Al di là delle questioni di merito, della solidità delle accuse e di eventuali responsabilità tutte queste indagini giudiziarie hanno però lo stesso obiettivo. Combattere la corruzione portando alla luce relazioni pericolose tra politici corrotti e imprenditori senza scrupoli che portano a casa centinaia di migliaia di euro grazie a favori, appalti e concessioni pubbliche ottenuti a suon di bustarelle.
Ma se le cose stanno così è decisamente curioso che nella sua caccia a corrotti e corruttori la magistratura inquirente continui a fare le pulci a tanti business (energie alternative, estrazione di litio, concessioni portuali e via di seguito), ignorando o quasi l’industria bellica. Eppure il nuovo “complesso militar-industriale” Ue nato una decina d’anni fa su modello Usa e in crescita esponenziale dall’inizio della guerra in Ucraina ha tutte le caratteristiche per indurre in tentazione molti dei suoi attori e quindi meriterebbe un’occhiata attenta.
Nel suo rapporto sulle armi in Europa pubblicato a fine 2023, Greenpeace attribuisce alle spese militari nei paesi NATO dell’Unione Europea, una crescita quattordici volte superiore al loro PIL. E ancora: negli stessi paesi, mentre la spesa pubblica è aumentata complessivamente del 35% in un decennio, l’acquisto di armi è cresciuto del 168%. E un altro salto è previsto entro la fine di quest’anno, con una spesa stimata di 383 miliardi di dollari, 30 più del 2023.

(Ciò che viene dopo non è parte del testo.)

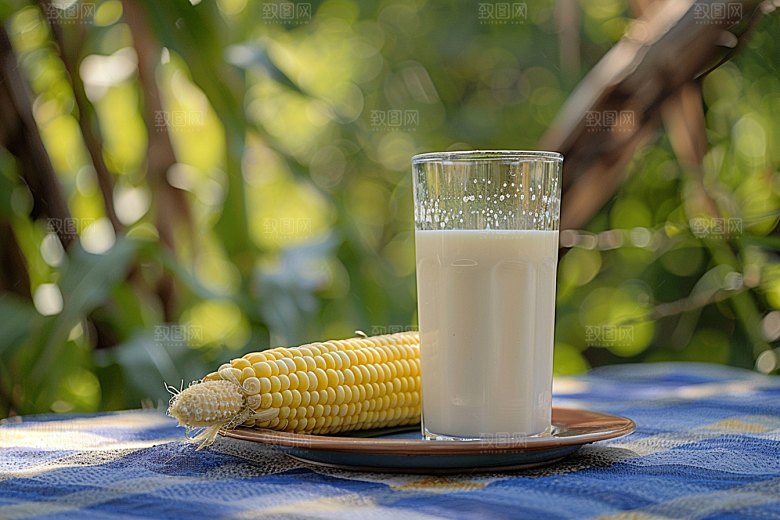 豆浆豆奶奶瓶能量餐摄影图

Siamo quindi di fronte a un business enorme, generato da un’industria (quella bellica) che necessita più di qualsiasi altro settore dell’appoggio della politica. Infatti: a decidere le spese militari sono i governi, che poi comprano le armi di cui hanno bisogno le Forze Armate. Ma non è tutto, perché nelle aziende che producono mezzi militari e sistemi di difesa lo Stato ha spesso una forte presenza azionaria. Succede in Germania, in Francia, in Spagna e anche in Italia, dove il ministero dell’Economia detiene circa un terzo del pacchetto azionario di “Leonardo”, cioè della ex Finmeccanica.
Ecco quindi giustificata una certa diffidenza per questo nuovo “complesso militar-industriale”, tanto per usare un’espressione che andava di moda negli Stati Uniti all’epoca delle manifestazioni contro la guerra in Vietnam. La cosa curiosa è che a inventarla e a usarla per primo non fu un intellettuale di sinistra o un militante pacifista ma il presidente degli Stati Uniti Dwight Eisenhower.

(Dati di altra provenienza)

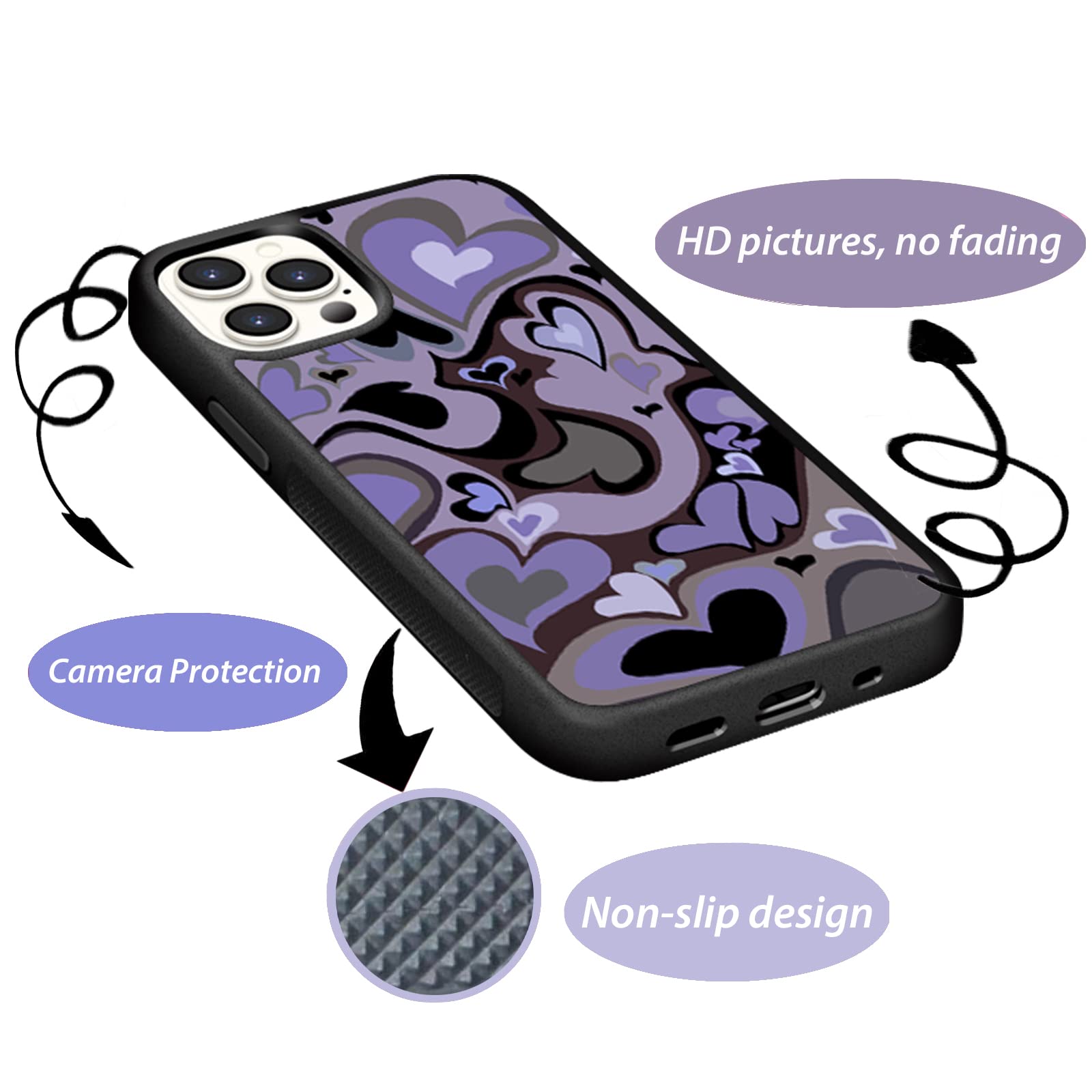 ❤️新品❤️iPhone 14 Pro Max スマホケース　パープル ハードケース Amazon.co.jp: iPhone 14 Pro Max対応 かわいい紫のハート 美的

Lo fece nel suo discorso di commiato del 17 gennaio 1961, trasmesso per radio e televisione. E così l’ex generale che aveva guidato le forze alleate in Europa nel secondo conflitto mondiale chiudeva i suoi otto anni alla Casa Bianca mettendo in guardia il popolo americano contro i pericoli e i rischi rappresentati dall’intreccio di affari e di interessi dell’industria delle armi con politica e forze armate. Si trattava, spiegò agli americani, di tenere gli occhi aperti visto l’enorme potere e i possibili abusi di un sistema “in crescita esponenziale” che aveva battezzato sinteticamente come “complesso militar-industriale”. E da cui – avvertiva infine – «nei consigli di governo dobbiamo guardarci».

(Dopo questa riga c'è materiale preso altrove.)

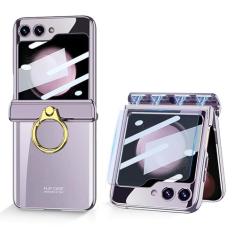 Capa de celular Furwabo para Samsung Galaxy Z Flip 5, Transparente, Galvanizada, Antichoque, Proteção para dobradiça magnética, Suporte de dedo, Película externa, roxo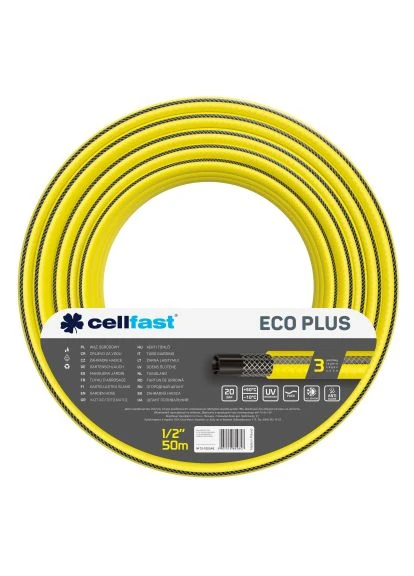 Поливочный шланг ECO PLUS 1/2" 50м, 3 слоя, до 20 Бар, -10…+50°C (12-152) Cellfast ECO PLUS 1/2" 50м, 3 шари, до 20 Бар, -10+50C (400381890)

Sono parole più attuali che mai e su cui vale la pena di riflettere ogni volta che le Borse volano sulle ali dei titoli legati alle guerre in corso alle porte di casa nostra. Ma anche ogni volta che dalla Nato, dall’UE o da capi di Stato europei come il francese Macron arrivano parole che non escludono una mobilitazione militare contro la Russia.